Quinn was later arrested in the Irish Republic and jailed for IRA activities. He was freed after a year, even though a British policeman had identified him as Tibble’s killer. He fled to the United States.
Tuesday’s verdict by a jury of 11 men and one woman effectively ended a protracted legal battle that began with Quinn’s arrest in the Bay Area nearly seven years ago.
Quinn’s American lawyer, Charlene Rohan, criticized the verdict.
“This would never have happened in America,” she said. “The evidence of identification would not have been permitted there.”
Presiding Judge Christopher Rose told Quinn: “It was an appalling, cold-blooded killing, untinged by any remorse on your part and motivated no doubt by the terrorist activities on which at that time you were engaged. You must go to prison for life.”
The 1986 extradition treaty, which was opposed in the U.S. Senate by senators with large Irish-American constituencies, effectively permits extradition for politically motivated offenses involving violence.
The United States has long been considered a haven for political refugees, but the treaty was ratified by the Senate after the 1986 U.S. air attack on Libya. Some of the U.S. aircraft were permitted to fly from bases in Britain.
Quinn, American-born but of Irish descent, lived in the Irish Republic in the 1970s, a time of sustained, brutal violence in Northern Ireland. He said in the course of his 5-year legal struggle against extradition that he had been politically motivated.
Other Members Sought
He is one of four alleged IRA members who surfaced in the United States after being accused of terrorist-related crimes in Britain. The others are:
-- Patrick J. Doherty, who has been convicted in absentia of the 1981 murder of a British army captain. He was arrested in New York in 1983 and has been in the Metropolitan Correctional Center since. In 1984 a U.S. district judge ruled that Doherty could not be extradited because his acts were part of an insurrection--the person he killed was a soldier--and therefore the case came under the “political offense” exception to the extradition treaty. Federal officials immediately began proceedings to deport Doherty and have kept him in jail pending the outcome of the proceedings. Under a deportation order, a person may go to any country that will accept him.
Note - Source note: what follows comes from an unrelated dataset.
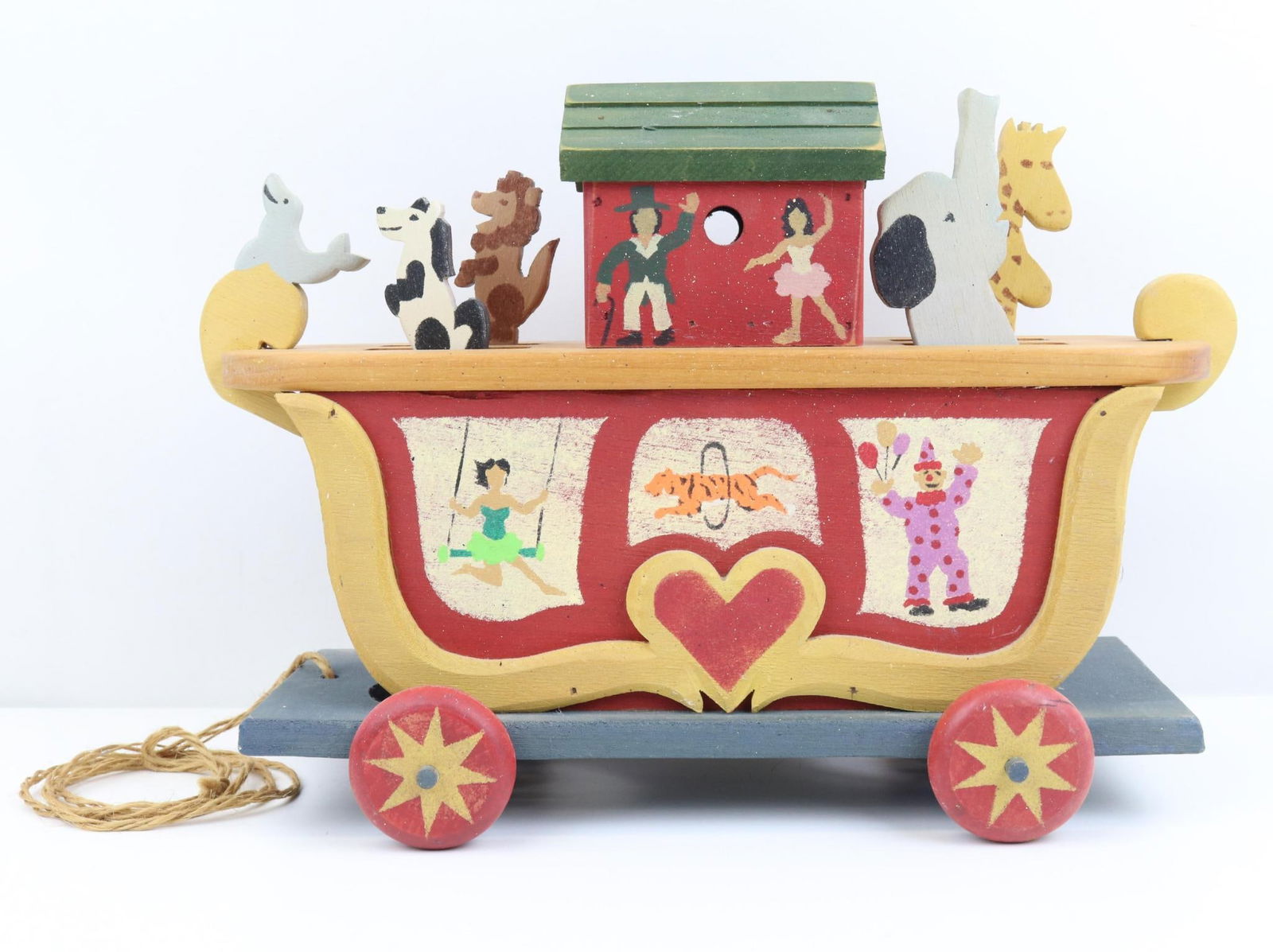 Folk Art Noah's Ark Toy (1 of 12)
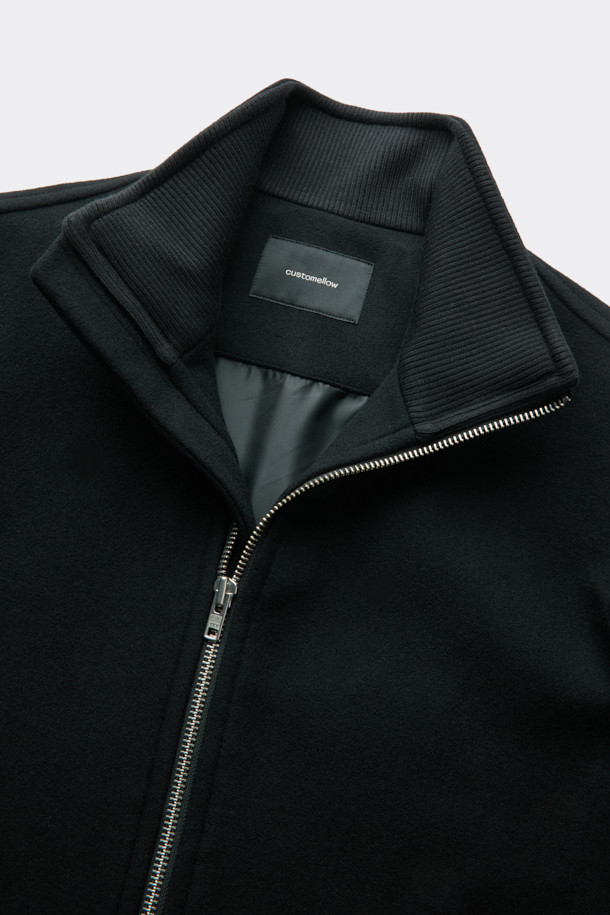 블랙 울 하이넥 재킷은 미니멀하고 베이직한 스타일을 추구하는 남성 고객을 위한 아우터입니다. 가을과 겨울, 출근룩에 적합하며, 오버핏으로 편안한 착용감을 선사합니다. 울과 나일론 혼방의 두꺼운 소재로 제작되어 보온성을 높였으며, 하이넥 디자인과 긴소매가 특징입니다. YKK 2-Way 지퍼, 밑단 스트링, 넥 이면 시보리 디테일로 기능성을 더했습니다.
-- Desmond Mackin, who is also wanted for the killing of a British soldier. He left the United States for Ireland several years ago and is believed to be there still.
-- Peter McMullen, who is wanted in connection with the bombing of a British army barracks in the 1970s. He was freed by a California court but was rearrested in December, 1986. He agreed to be deported to Ireland, but after the Senate ratified the extradition treaty, Washington changed its mind about deporting him and filed an extradition warrant. The warrant is now pending before a magistrate in Manhattan.
In a related development, only a few hours after Quinn was sentenced, Home Secretary Douglas Hurd announced that Britain plans to make permanent the Prevention of Terrorism Act.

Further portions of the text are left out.